The first person to document a surgery was the 6th century BC Indian physician-surgeon, Sushruta. He specialized in cosmetic plastic surgery and even documented an open rhinoplasty procedure. His magnum opus Suśruta-saṃhitā is one of the most important surviving ancient treatises on medicine and is considered a foundational text of both Ayurveda and surgery. The treatise addresses all aspects of general medicine, but the translator G. D. Singhal dubbed Sushruta "the father of surgical intervention" on account of the extraordinarily accurate and detailed accounts of surgery to be found in the work.

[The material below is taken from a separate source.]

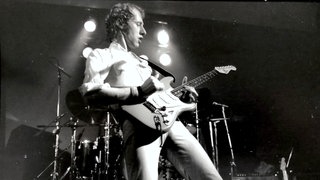 Dire Straits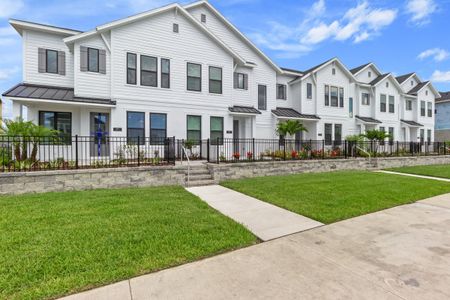 Emerald Landing at Waterside at Lakewood Ranch – Towns by David Weekley Homes in Sarasota - photo 45 45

After the eventual decline of the Sushruta School of Medicine in India, surgery was largely ignored until the Islamic Golden Age surgeon Al-Zahrawi (936–1013) re-established surgery as an effective medical practice. He is considered the greatest medieval surgeon to have appeared from the Islamic World, and has also been described as the father of surgery. His greatest contribution to medicine is the Kitab al-Tasrif, a thirty-volume encyclopedia of medical practices. He was the first physician to describe an ectopic pregnancy, and the first physician to identify the hereditary nature of haemophilia.

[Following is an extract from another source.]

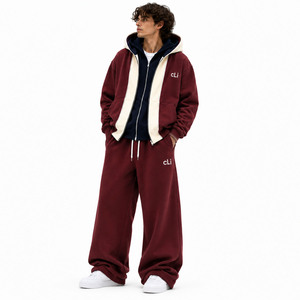 Conjunto de Sudadera con Capucha y Pantalones de Chándal para Hombre, Color Borgoña, con Doble Cremallera, Diseño Personalizado en Capas, Cremallera Beige, Capucha Azul, Forro Polar Grueso y Pantalones de Pierna Ancha - Product Image 1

His pioneering contributions to the field of surgical procedures and instruments had an enormous impact on surgery but it was not until the 18th century that surgery emerged as a distinct medical discipline in England.

In Europe, surgery was mostly associated with barber-surgeons who also used their hair-cutting tools to undertake surgical procedures, often at the battlefield and also for their employers. With advances in medicine and physiology, the professions of barbers and surgeons diverged; by the 19th century barber-surgeons had virtually disappeared, and surgeons were almost invariably qualified doctors who had specialized in surgery. Surgeon continued, however, to be used as the title for military medical officers until the end of the 19th century, and the title of Surgeon General continues to exist for both senior military medical officers and senior government public health officers.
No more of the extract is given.